A sensor uses AI to detect abnormal patterns of gas that act as an early indicator of fire
Spotted: According to the National Oceanic and Atmospheric Administration, the US experienced record-breaking numbers of droughts and heatwaves in 2021, fuelling wildfires across the country. The resulting erosion and flooding created a positive feedback-loop that further contributed to the intensity of the fires. While there are many factors that contribute to what makes a wildfire, it’s estimated that 85 per cent of all wildfires are man-made. Due to their complex nature, it’s extremely difficult to predict when and where wildfires will occur. However, researchers are exploring how Internet of Things (IoT) sensors can help detect early signs of a fire.
Dryad Networks is a Berlin-based startup that is on a mission to help firefighters respond to fires sooner. The company has developed Silvanet, a solar-powered sensing system that detects abnormal patterns of gas in the air using artificial intelligence (AI). This allows for ultra-early detection of wildfires, in as little as 30 to 60 minutes, giving firefighters a critical head start in tackling the blaze.
In order to bring Silvanet to market, Dryad has partnered with Semtech Corporation, a global leader in semiconductor solutions, and Swarm Technologies, a developer of satellite communications networks. The sensor is designed for use in remote areas where there is no mobile coverage. It receives data from Swarm’s network of 120 satellites in real-time, enabling a faster response to potential hazards. The satellite radio connectivity also allows the Silvanet gateway to be used in areas where there is no cellular coverage. With its built-in support for satellite radio connectivity, Dryad’s Silvanet gateway provides a comprehensive solution for remote monitoring and data transmission.
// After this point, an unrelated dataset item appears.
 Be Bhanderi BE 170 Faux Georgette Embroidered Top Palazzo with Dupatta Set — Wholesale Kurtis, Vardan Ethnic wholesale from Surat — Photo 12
The resulting system has the potential to be reliable, scalable, and affordable – making it an invaluable tool in the fight against wildfires. A forest near Berlin has seen Dryad launch its first network. And the company reports that there are currently ten other proof of concept deployments in the US, Europe, Australia, Indonesia, and Africa.
With the threat of fire intensifying and threatening new regions, Springwise has spotted a plethora of innovations that aim to mitigate the problem. These include an AI-mapping tool that helps firefighters map burn risk and a hybrid drone for carrying firefighting equipment.